つれづれなるままによしなしごとを書き綴ってあります。

十二月のシルエット


 一気に季節が進み、木枯らし一号が曲がり角を駆け抜け、冬将軍が秋を討伐。今朝はどのセーターを着ようか、マフラーの結び方を変えてみよう、明るい色のコートが欲しい(だって、みんな黒っぽい外套を着て、寒さに首を縮めて歩いているから)、タイツが伝線しちゃった、手袋をしているとき手をつなぎたくなったらどうしよう。ぐるぐる巻きのマフラーから女の子たちが顔を覗かせて、デパートからはジングルベル。教会にクリスマスツリー、ラム酒の入ったチョコレートボンボン、恋人たちは寄り添ってその時を待つ。ひとつの手袋を二人ではめて。
十二月はうつくしい月だと思う。一切の幸せをあつめてつくられた月。

 私は雪国に生まれた。この時期になるとお山はてっぺんが白くなることが多くなって、外で飼われている犬たちも白い息を吐くようになり、人間は干し柿がぶら下がった窓から灰色の空を見上げる。天気はだいたい曇りか雨か雪で、晴れることは珍しい。雪の降った日の朝、太陽が出ていると、私は心底うんざりした。だって、一面真っ白になって、全然目が見えなくなるのだから。雪のかけらが飛び込んできたみたいに、閉じた瞼の裏でちくちくする。灰色に慣れきった私にあの新しい生まれたての白はまぶしすぎるのだ。
 朝起きたらまずストーブの上にスキーウェアを吊るし、肌着は掘り炬燵に入れてあたためておく。雪国の子どもたちはスキーウェアを着て登校するのが常なのだ。そうしないと、学校に着くまでに全身ずぶ濡れになってしまうから。ランドセルの隙間から雪玉が入って、何度も教科書を濡らしてしまった。ぶわぶわに波打った教科書は、たくさん雪遊びをした証拠。
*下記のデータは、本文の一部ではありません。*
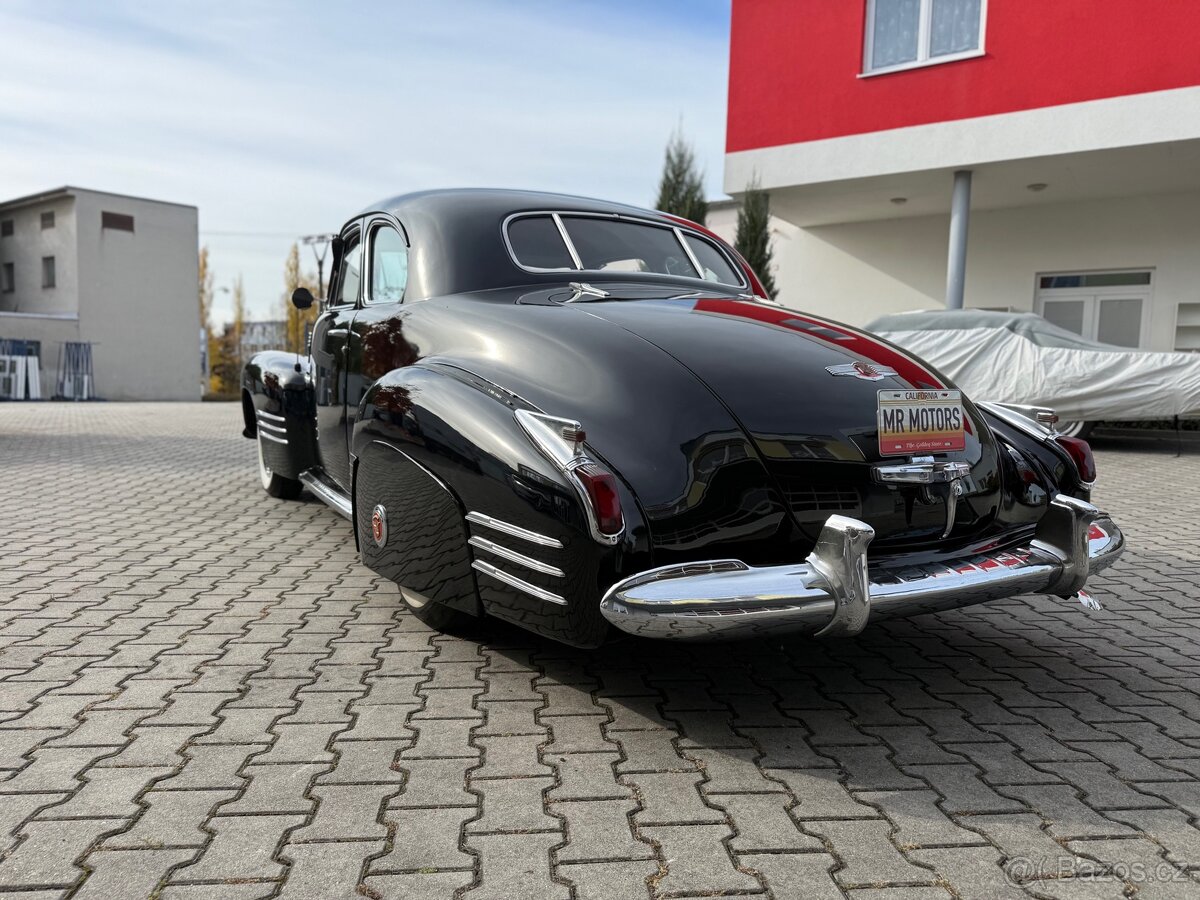 1941 Cadillac Serie Sixty-Two Coupe - 3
 二月になるとお正月前に買ったみかん箱もすっかり空になり、二箱目か三箱目を数え、さらに八朔の入った段ボール箱も加わる。私と弟は八朔の好きな子供だった。それは父が好きな食べ物だったからで、幼い頃は何も疑うことなく、父の好きな食べ物は美味しいものだと、思っていた。七歳と五歳の子供がいても、ジャワカレーの辛口を使う家だったから。その頃は、子供扱いされないことが嬉しかったのかもしれない。今でもカレーは辛口が好きだから、三つ子の魂は二十年以上経った今でも受け継がれているということか。たまにカレーを作るとき、父の顔を思い出すのはこのせいだと思う。